Taiwanese welding I have seen was much nicer then mainland Chinese. I do not think there is something terribly wrong with Russian tubing, but I have only seen it in simple plain gauge, not shaped or butted. I have heard that Japanese ti tubing is well regarded, is that so?


----------



## mtnbikecrazy55 (Jul 26, 2007)




----------



## Axe (Jan 12, 2004)

mtnbikecrazy55 said:


>


I am confused by the orientation of the dropouts in relation to the offset of the crown. Where is the front?


----------



## mtnbikecrazy55 (Jul 26, 2007)

The front is facing up. I'm pretty sure the dropouts are that way to prevent the wheel from coming out as easily in case of a skewer loosening up..?


----------



## Axe (Jan 12, 2004)

mtnbikecrazy55 said:


> The front is facing up. I'm pretty sure the dropouts are that way to prevent the wheel from coming out as easily in case of a skewer loosening up..?


On all forks I have ever seen they are slanted forward for that purpose - so as not to come out when breaking. This ones seem to be facing backwards? Or am I missing something?

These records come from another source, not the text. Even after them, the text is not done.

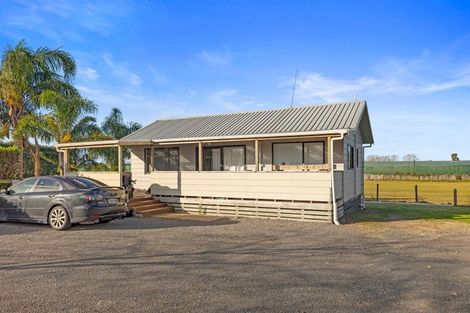 Photo of property in 573b Te Puke Highway, Te Puke, 3187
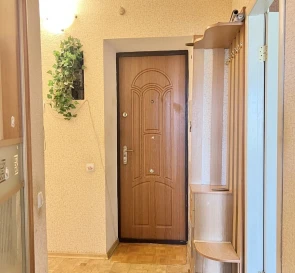 Фото 5. Двокімнатна квартира, продаж. Полтава Киевский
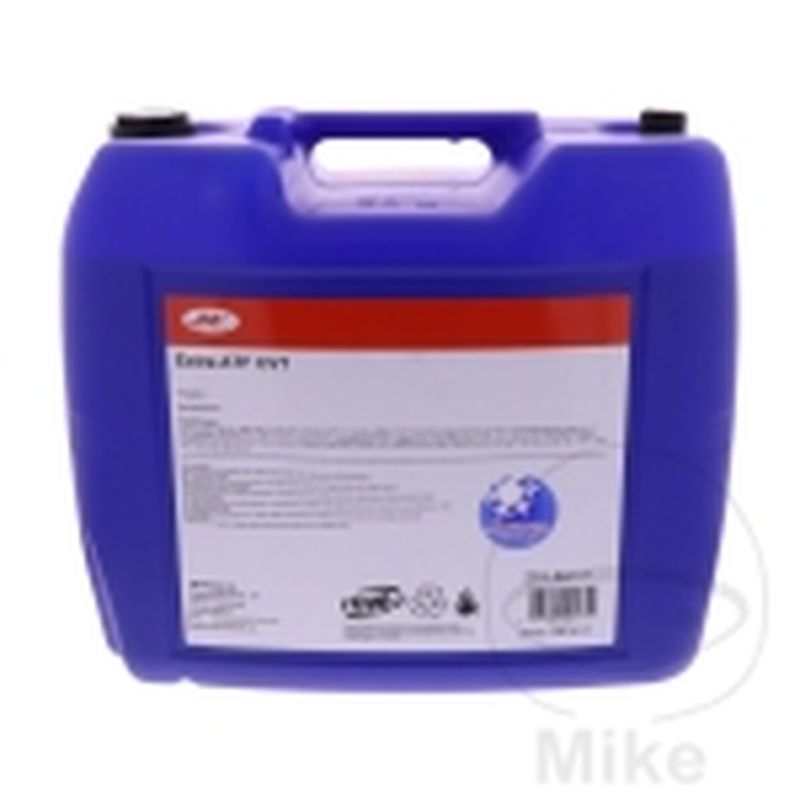Aceite Engranaje ATF CVT Sintético 20L JMC | Motos Camaral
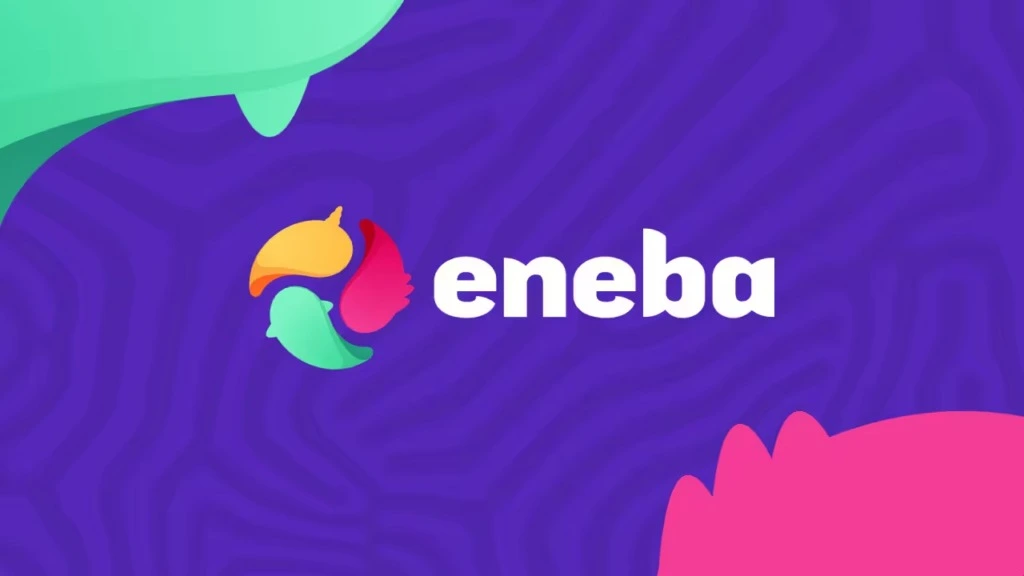 Eneba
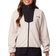 Columbia Sequoia Grove Fleece Jas - Beige
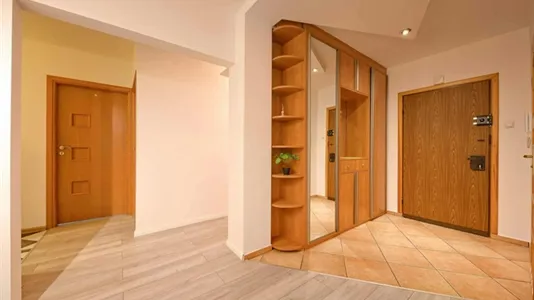 Rooms in Location is not specified - photo 5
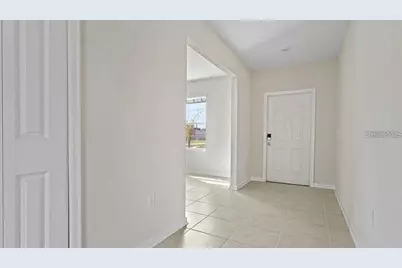 16480 Fernridge Street, Clermont, FL 34714 - Photo 2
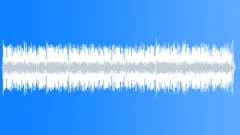 Old Saloon Rag (Piano Drums Bass Ragtime) Stock Music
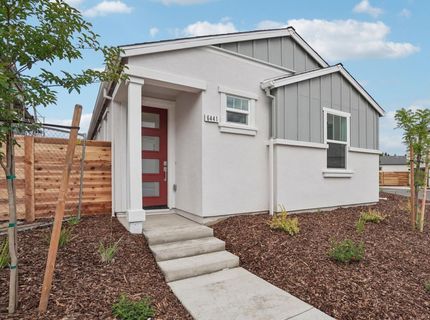 6441 Ventris Walk, Sacramento, CA 95823 Photo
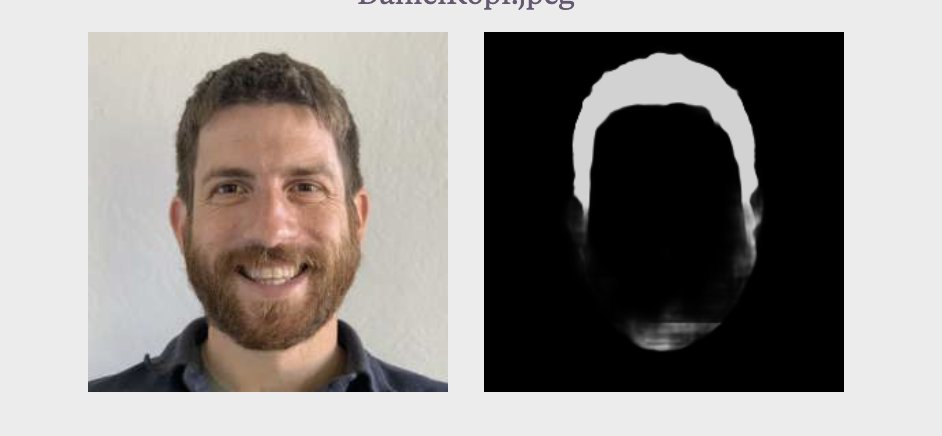 dkopf's tweet photo. What a thoughtful story from @kat_alo about the representation of hair in the media and why it matter. 

It also has this very cool tool to identify that identified your hair from a selfie.
https://t.co/c3l2YYFs0I https://t.co/xDVsALPzma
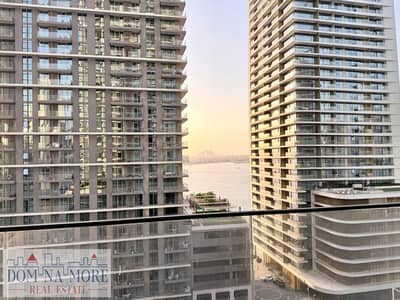 1 Bedroom Flat for Rent in Dubai Harbour, Dubai - WhatsApp Image 2026-06-12 at 4.45. 17 PM. jpeg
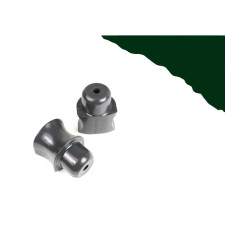 Silent Blocs Powerflex Heritage achterste anti-roll bar buitenkant 16mm Lancia Beta 2st - PF-F3040416-2H - PFF30-404-16H - 5055676547064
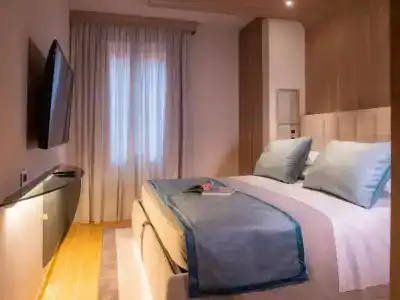Residence Daria - 54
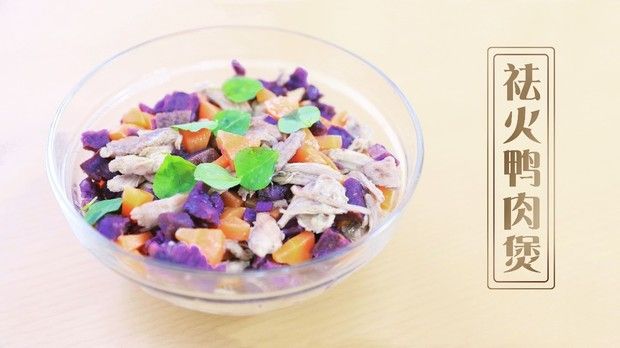 ���Ѽ���ҵ�����ͼ��,�����,���Ѽ������ô���ó���ϸ���������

Magura, for example, goes to some details to explain that about their dropouts facing forward at 45 deg, though there the disk brake torque is the main consideration.



Magura said:


> SDO - Safety Dropouts
> 45° opening of the dropouts for perfect hub engagement (less quick release load as the brake torque onto the hub is transferred directly into the dropout).
> Standard with all forks except Wotan and Thor.


----------



## raxel (Mar 21, 2008)

I do have a token/trigon carbon fork but I recently got a titanium frame so I think ti one may be better option... Does anyone have the ACTUAL weight of this fork with steerer cut to ~18cm?


----------



## cbchess (Dec 20, 2003)

Axe said:


> I am confused by the orientation of the dropouts in relation to the offset of the crown. Where is the front?


old thread bump!
I think the front is facing down in this picture . I think so beacuse of the crown and dropouts would lead me to that assumption.

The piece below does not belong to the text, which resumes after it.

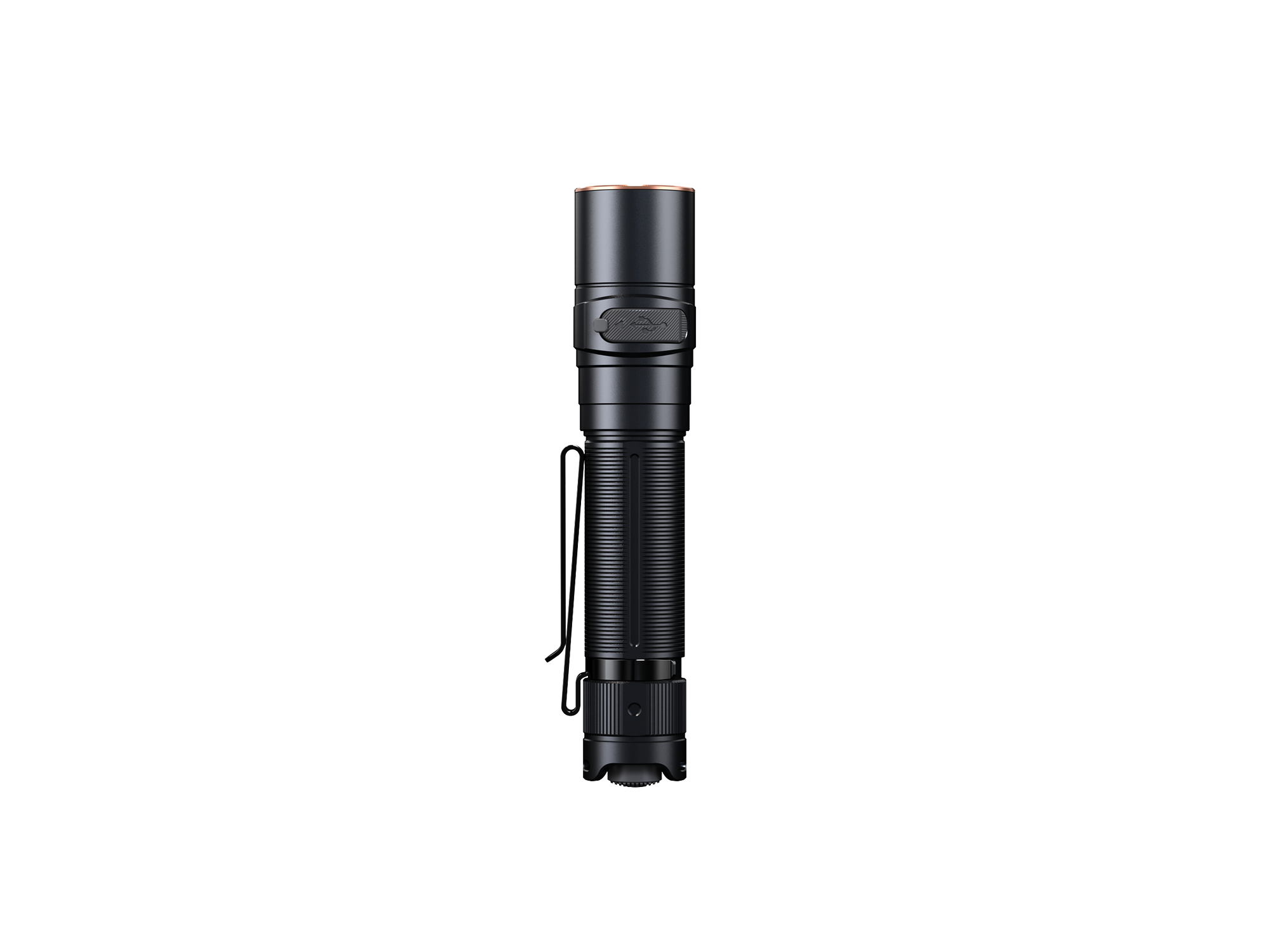 Fenix LD30R High-Performance Lightweight Flashlight Fenix Store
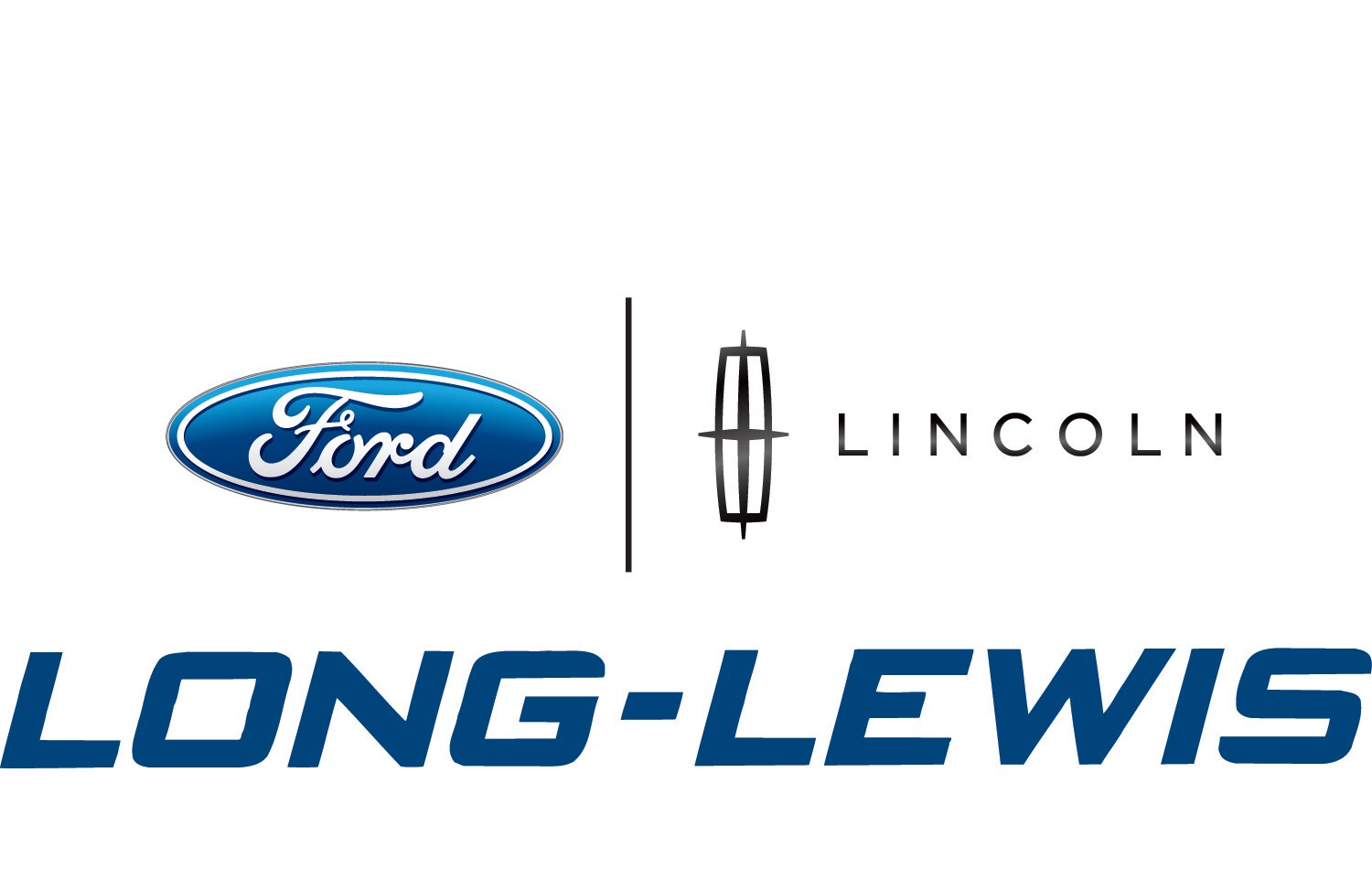 Long Lewis Ford Muscle Shoals >> Ford Parts Dealer Vanity Long Lewis Ford Muscle Shoals >> Ford Parts Dealer Vanity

now i can see the disc brake tabs hinding underneath. seems like the drop outs are facing the wrong way


----------



## Yogii (Jun 5, 2008)

My understanding is that ti fork legs are kind of flexxy(not in a good way). If you use thick enough tubing it defeats the weight savings. Forks are the one place that well engineered carbon makes sense, IMHO.


----------



## mummer43 (Jan 28, 2004)

Lelandjt said:


> What about those Token carbon forks that are so popular?


I have looked for the Token forks online, but couldn't find anything. Where can I find one and how much do they cost?


----------



## BlownCivic (Sep 12, 2006)

ebay?


----------



## mummer43 (Jan 28, 2004)

BlownCivic said:


> ebay?


Is that pretty much the same thing as the Token fork?


----------



## Shayne (Jan 14, 2004)

*Front is Facing up*



Axe said:


> I am confused by the orientation of the dropouts in relation to the offset of the crown. Where is the front?

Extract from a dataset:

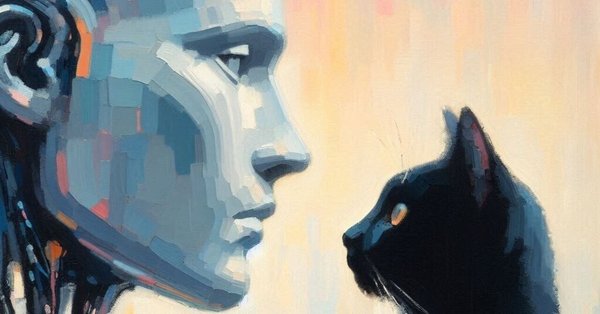 光りを抱くHeart 2 夢を乗せて　絵画原画 光りを抱くHeart 2 夢を乗せて 絵画原画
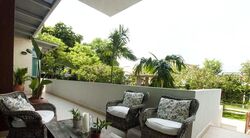 The Amery (D15), Condominium #557878261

Dropouts are ~vertical when installed. Every fork I've owned in the last 25 years has had dropouts like this.


----------



## Mountain Cycle Shawn (Jan 19, 2004)

Check out Triton's stuff!

http://forums.mtbr.com/showthread.php?t=583688&highlight=triton


----------



## Axe (Jan 12, 2004)

Shayne said:


> Dropouts are ~vertical when installed. Every fork I've owned in the last 25 years has had dropouts like this.


I did not look to me that they would be vertical when installed in that orientation, that is why I asked.


----------



## TKD76 (Dec 19, 2009)

phoenixbikes said:


> For some reason I just don't trust carbon. It's probably perfectly strong and durable from the right manufacturers I'm just skeptical. I don't know that a 575 gram ti fork will be any more reliable to be perfectly honest, but my instinct tells me I could trust it more than (and for a longer period of time) than a carbon fork.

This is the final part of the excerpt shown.